There’s nothing kids won’t do for them.
So I won’t tell your kids to be distractions,
to throw books when The Shooter comes,
no matter what the sheriff says. Just run,
and I will do the grown-up job, will grab
the plastic blue 5-gallon bucket every teacher got
a couple dozen deaths ago, will fumble
for the can of aerosol-propelled wasp
killer, aim for his eyes and if I hit,
give me a star, and if I’m hit, give stars
to every kid who didn’t stick around to
splint and pack me like the nurses taught.
I hate gold stars. I hate that bucket,
into which a 3rd-grader threw up last time
we did a lockdown drill. I love Kendrick
Castillo. I call him hero in my heart,
but I won’t say the word around your kids
because this isn’t indoor voice or walking feet
or random acts of kindness, and there’s nothing
they won’t do to meet an expectation.

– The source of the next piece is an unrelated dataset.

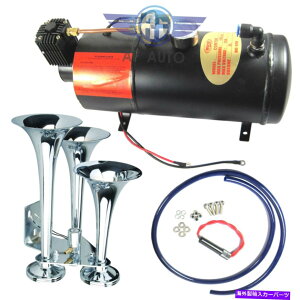 Train Horn 150 PSI 3bg12VGA[RvbT[gpĐVgvgybgN[GAz[ New Triple Trumpet Chrome Air Horn With 150 PSI 3 Liter 12V Air Compressor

I hate
this poem. I hate this stupid war, and I am sad
and sorry for its Gold Star moms and dads.
I hate, already, hero shifting into show your
work. It’s not their work, but there is
nothing I can do if you won’t say so.
If the sheriff with his big gold star
comes back to do his job, comes back
to teach how best to make more child heroes,
I can’t stop your kids from nodding, learning.
As if they knew the lesson all along.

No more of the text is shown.